• Try it
Search the records that follow and extract every line containing the string "make".

• Data for this exercise

◇ ◇ ◇

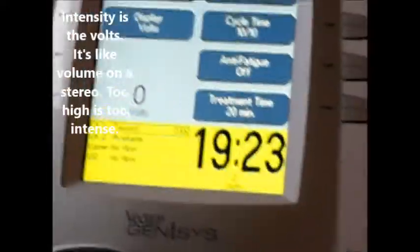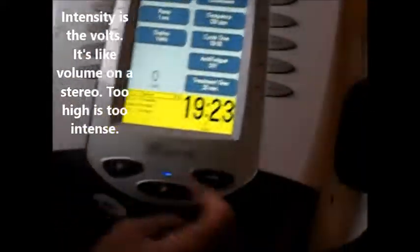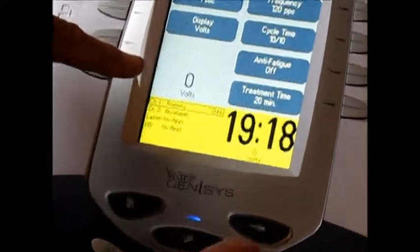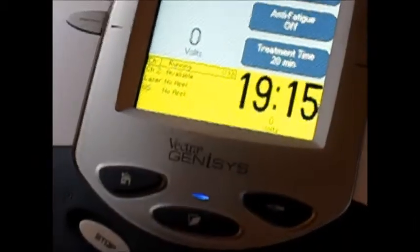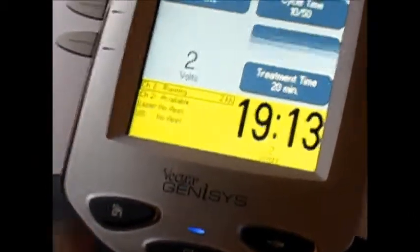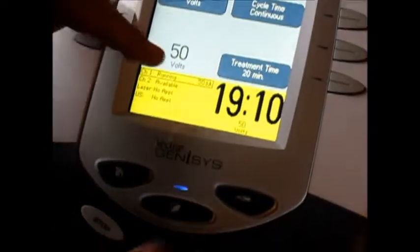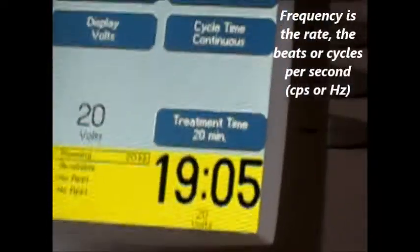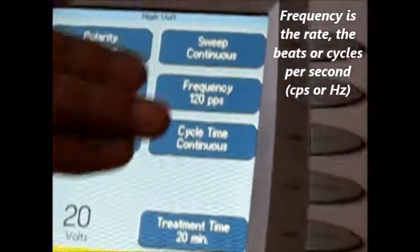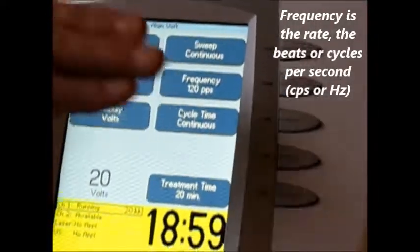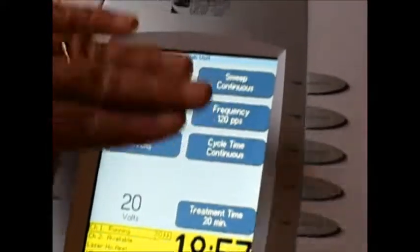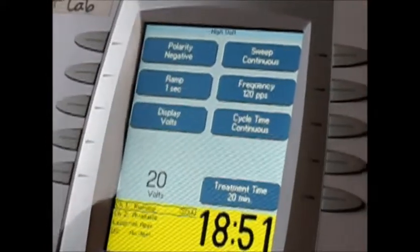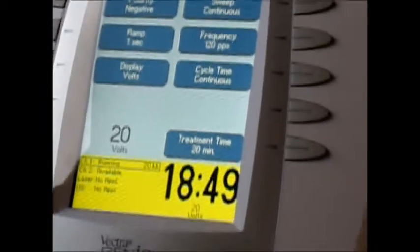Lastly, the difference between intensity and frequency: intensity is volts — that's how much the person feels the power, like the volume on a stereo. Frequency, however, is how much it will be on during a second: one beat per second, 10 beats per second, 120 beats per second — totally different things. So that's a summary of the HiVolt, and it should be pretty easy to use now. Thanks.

◇ ◇ ◇

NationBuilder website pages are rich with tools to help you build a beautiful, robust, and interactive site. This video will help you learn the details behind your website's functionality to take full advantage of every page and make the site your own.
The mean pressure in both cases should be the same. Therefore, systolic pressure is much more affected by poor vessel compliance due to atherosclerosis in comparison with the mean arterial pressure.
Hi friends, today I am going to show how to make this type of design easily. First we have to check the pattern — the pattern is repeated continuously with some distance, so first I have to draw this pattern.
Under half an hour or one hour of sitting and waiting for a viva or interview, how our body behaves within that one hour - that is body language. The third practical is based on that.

◇ ◇ ◇

• Solution to this problem
NationBuilder website pages are rich with tools to help you build a beautiful, robust, and interactive site. This video will help you learn the details behind your website's functionality to take full advantage of every page and make the site your own.
Hi friends, today I am going to show how to make this type of design easily. First we have to check the pattern — the pattern is repeated continuously with some distance, so first I have to draw this pattern.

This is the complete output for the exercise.